With increasing scrutiny from international bodies like the Financial Action Task Force (FATF) and the Middle East and North Africa Financial Action Task Force (MENAFATF), compliance professionals in Oman face a dual challenge: ensuring their institutions meet evolving regulatory requirements and maintaining operational efficiency.

Legal and Regulatory Foundations

The cornerstone of AML/CFT regulation in Oman is Royal Decree No. 30/2016, which promulgates the Law on Combating Money Laundering and Terrorism Financing. This law repealed the earlier Law No. 79/2010 and expanded the scope of obligations for financial institutions, designated non-financial businesses and professions (DNFBPs), and regulatory bodies.

Key Provisions Include:

  • Definition and criminalization of money laundering and terrorist financing.
  • Provisions for confiscation of illicit assets and international cooperation.

1. The Central Bank of Oman (CBO) AML Regulations

The Central Bank of Oman, under its regulatory authority, has issued binding guidelines and circulars that interpret and operationalize the provisions of RD 30/2016 for licensed financial institutions. The CBO’s AML/CFT framework includes:

  • AML/CFT Compliance Charter requirements.
  • Mandatory appointment of a Money Laundering Reporting Officer (MLRO).
  • Guidelines on onboarding, transaction monitoring, and sanctions screening.
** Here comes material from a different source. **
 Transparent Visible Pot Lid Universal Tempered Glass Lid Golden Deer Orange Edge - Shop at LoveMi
As the prudential and AML supervisor for Oman’s banking and financial sector, the CBO also evaluates institutional compliance through on-site inspections and risk-based supervision.

2. The National Center for Financial Information (NCFI) – Oman’s FIU

The NCFI, established under Article 6 of RD 30/2016, functions as Oman’s Financial Intelligence Unit (FIU). Operating under the umbrella of the ROP, its primary responsibilities include:

  • Receiving and analyzing STRs/SARs from reporting entities.
  • Collaborating with domestic regulators and foreign FIUs.
  • Maintaining strategic and operational independence to protect sensitive information.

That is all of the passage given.